Art became an important part of Margaret's life while attending the University of British Columbia. A serendipitous class in oil painting with Joseph Plaskett inspired her to explore the world of art. Although she completed a B.Sc. Nursing degree, married, and had three children, Margaret never gave up her dream to become an artist. Throughout the years, her style has evolved through study and experimentation.

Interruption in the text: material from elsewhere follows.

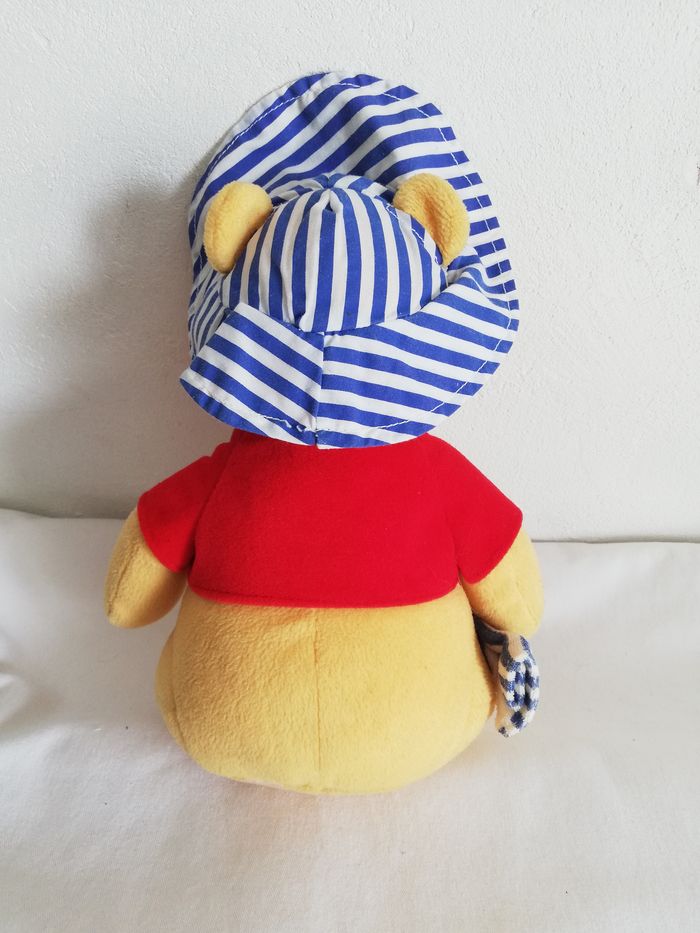 peluche winnie l'ourson - photo numéro 3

Since arriving on Salt Spring in 1984, Margaret's style has begun to evolve in two different, yet wholly complementary directions. On the one hand, the beauty of life on a working farm, surrounded by the cycles of nature, continually inspires her to record the beauty of the colours and forms. On the other hand, intuitive, semi-abstract work fills her with excitement. This art form resulted from studies at the Metchosin International Summer School of the Arts in 1993 with Victoria artist Brian R. Johnson.
Her work continues, exploring new techniques and colour combinations, mostly in watercolour, but pastel, pencil, and oils are intriguing alternate mediums. Seminars with renowned teachers are another source of inspiration and she feels privileged to have studied with Salt Spring artists Jack Avison and Alan Edwards.
Margaret finds that membership in the Salt Spring Island Painters Guild provides wonderful opportunities for learning, for working with other artists, for teaching, and for presentation of her art to the public. Visitors are welcome to her studio, located on a Salt Spring Island heritage farm.
As part of the millennium celebration, Margaret was commissioned by the Allied Land Trust and the Salt Spring Conservancy for their "Islands in the Salish Sea" mapping project to create an agricultural map of Salt Spring Island.